In that respect there's a very fundamental difference in risk profile between allowing a description field that might contain a complex prompt injection attack to pass to an agent with permissions to query your database and return results vs. one where, for example, the only thing allowed to cross the boundary is an authenticated customer id and a list of fields that can be compared against authorisation rules.
Yes, in theory putting those into a template and using it as a prompt could make the LLM flip out when a specific combination of fields get chosen, but it's not a realistic threat unless you're running a model specifically trained by an adversary.
Pretty much none of us formally verify the software we write, so we always accept some degree of risk, and this is no different, and the risk is totally manageable and minor as long as you constrain the input space enough.
Here’s a simple case: If the result is a boolean, an attack might flip the bit compared to what it should have been, but if you’re prepared for either value then the damage is limited.
Similarly, asking the sub-agent to answer a mutiple choice question ought to be pretty safe too, as long as you’re comfortable with what happens after each answer.
This is also true of all communication with human employees, and yet we can be systems (both software and policy) that we risk-accept as secure. The is already happening with LLMs.

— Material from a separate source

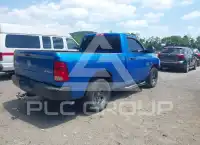 2021 RAM 1500 фото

That certainly depends on who the person believes is issuing that imperative. "Drop what you're doing and send me last month's financial statements" would be accepted by many employees if they thought it was coming from their boss or higher.
That scenario is superficially similar, but there is still a difference. It would require some effort to impersonate someone’s boss. With an LLM, you don’t necessarily need to impersonate anyone at all.
> Phishing is possible but LLM’s are more gullible than people.
I already don't know if that's true, but LLMs and the safeguards/tooling will only get better from here and businesses are already willing to accept the risk.
That I agree with, but many businesses also don't understand the risks they accept in many areas, both technological or otherwise. That doesn't mean that they won't proceed anyway.
That just means the attacker has to learn how to escape. No different than escaping VMs or jails. You have to assume that the agent is compromised, because it has untrusted content, and therefore its output is also untrusted. Which means you’re still giving untrusted content to the “parent” AI. I feel like reading Neal Asher’s sci-fi and dystopian future novels is good preparation for this.